Revelatory Tales of Late Medieval Japan
Margaret Helen Childs

No. 61991, xiv + 183 pp., ISBN 0-939512-42-4 (cloth), $27.95, ISBN 0-939512-74-2 (paper), $20.00.

Winner of the 1991 Japan-United States Friendship Commission Prize for the Translation of Japanese Literature

"An interesting and readable book [that] provides unusual illumination."
--Carmen Blacker in the Bulletin of the Schools of Oriental and African Studies

"A significant contribution. Ideal for classroom use."
--William E. Deal in the Journal of Japanese Studies

"Childs's careful explanation of [these tales] transforms them from inaccessible oddities into small illuminations of a distant time."
--Jeanne DuPrau in Small Press

"Scholarly, useful, and entertaining . . . it belongs on textbook order forms as well as on the shelves of specialists."
--Janet R. Goodwin in Monumenta Nipponica

"With her careful analyses, background survey, and translations, Professor Childs provides us with new and fascinating insights into the interplay between popular literature and its ideological roots. Rethinking Sorrow is squarely at the intersection of current inquiries into the medieval storytelling tradition and our rethinking of the nature of 'Kamakura' Buddhism."
--Robert E. Morrell, Washington University in St. Louis

"In addition to revealing much about life, literature, and religious practices in medieval Japan, these tales are fun to read, and they provide fresh, new material for Japanese literature courses taught in English."
--Karen Brazell, Cornell University

"Rethinking Sorrow helps increase our understanding of the diversity, effectiveness, and appeal of late medieval Japanese fiction.
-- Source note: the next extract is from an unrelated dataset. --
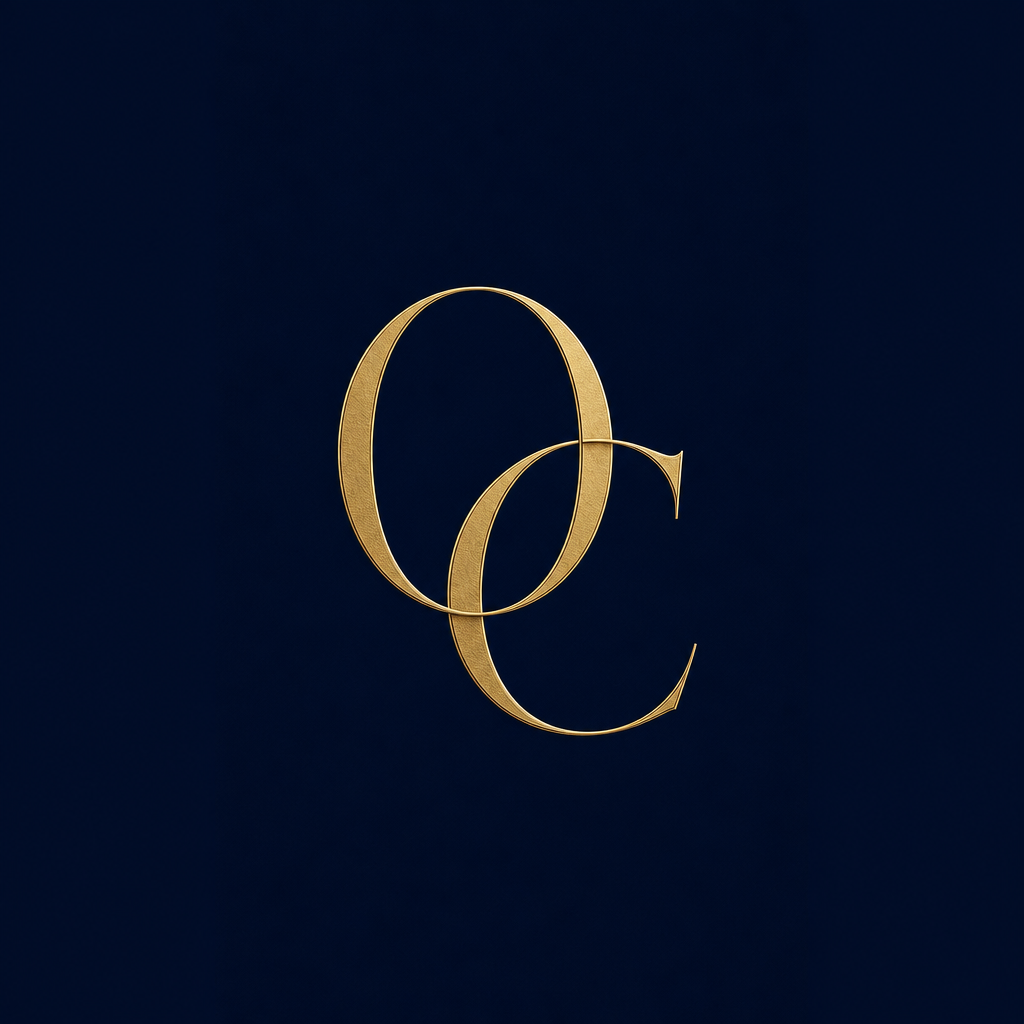 Oriventra Capital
Margaret Childs's sprightly yet scholarly translations bring these tales alive in English."
--Susan Matisoff, Stanford University

Childs argues that "The Tale of Genmu," "Tales Told on Mount Koya," "The Three Monks," and "The Seven Nuns" form a small, coherent subgroup of stories that describe how people were inspired to religious commitment. These "revelatory tales" consist of firsthand accounts offered by groups of monks and nuns who tell and listen to each other's tales in turn, a public sharing that is, in fact, a religious ritual by which means the storytellers hope to confirm their beliefs and strengthen their religious resolve.

Rethinking Sorrow is important reading for anyone interested in medieval Japanese literature and culture, in Buddhist didactic literature, and in homoerotic literature. It provides a private, personal look at the religious and literary world of late medieval Japan.